Complete the Getting Ready section at the beginning of this chapter.

How to do it…

  1. Create a new folder named EagerLoadingWithLinq in the project.
  2. Add a new class named Recipe to the folder:
    using System.Linq;
    using NH4CookbookHelpers.Queries;
    using NH4CookbookHelpers.Queries.Model;
    using NHibernate;
    using NHibernate.Linq;
    
    namespace QueryRecipes.EagerLoadingWithLinq
    {
        public class Recipe : QueryRecipe
        {
            protected override void Run(ISession session)
            {
                var book = session.Query<Book>()
                    .Fetch(x => x.Publisher)
                    .FirstOrDefault();
    
                Show("Book:", book);
    
                var movies = session.Query<Movie>()
                    .FetchMany(x => x.Actors)
                    .ToList();
    
                Show("Movies:", movies);
            }
        }
    }
  3. Run the application and start the EagerLoadingWithLinq recipe.
  4. Inspect the query log to see how the related entities have been included in the queries.

How it works…

In this recipe, we eagerly load the Publisher for our Book(s) and the ActorRoles for our Movies to avoid select N+1 problems. In a select N+1 situation, with one select statement, you can load a few entities from the database and begin to enumerate through them. As you enumerate through them, you access some lazy loaded property or collection. This triggers a separate database query for each entity in the original query. If we iterate through 1000 entities, we would have the original query plus 1000 nearly identical queries because we triggered lazy loading, hence the name select N+1. This creates N+1 round trips to the database, which will quickly kill performance, overwork the database, and even crash it.

Here, we iterate through each movie in the database. For each instance, we display the name of the actor in the starring role. This would normally trigger a separate database query for each movie, a potential select N+1 problem.

By specifying that we want to load the related ActorRoles in the same query, we can avoid this problem:

session.Query<Movie>()
  .FetchMany(x=>x.Actors)

This returns all movies and their actor roles, including the movies without actor roles.

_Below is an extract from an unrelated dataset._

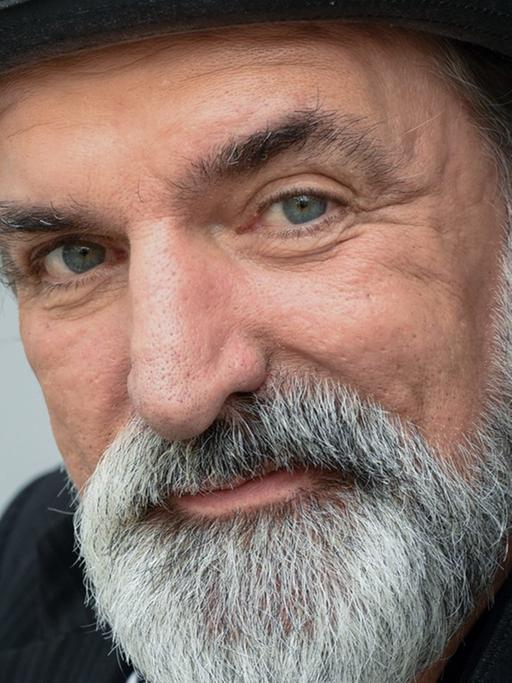 Schauspieler Andreas Hoppe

As can be seen in the query log, the ActorRoles are included using a LEFT JOIN.

The book and its publisher is fetched in a similar way, but since the Publisher property is a relation to one entity, as opposed to the Actors property which is a collection, we used Fetch instead of FetchMany. Why the difference? Well, we could actually have used Fetch for both types, but the eager loading doesn't have to stop at the first level. Consider if the ActorRole entity had an (admittedly weird) property called BookAboutTheRole. If we wanted to load that too, the query would look similar to this:

session.Query<Movie>()
    .FetchMany(x=>x.Actors)
   .ThenFetch(a=>a.BookAboutTheRole)

Had we used Fetch(x=>x.Actors), the ThenFetch method would not know that it should act on a single ActorRole, rather than the ISet<ActorRole>.

There's more…

The Then prefixed methods have a very important distinction. They act upon the preceding fetched type, allowing us to dig down into the object structure. Using the standard Fetch or FetchMany immediately brings us back to the root. This is useful, since we can add more fetch instructions, for example if ActorRole had yet another property that we wanted to include:

session.Query<Movie>()
       .FetchMany(x=>x.Actors)
                .ThenFetch(a=>a.BookAboutTheRole)
       .FetchMany(x=>x.Actors)
                .ThenFetch(a=>a.DocumentaryAboutTheActor)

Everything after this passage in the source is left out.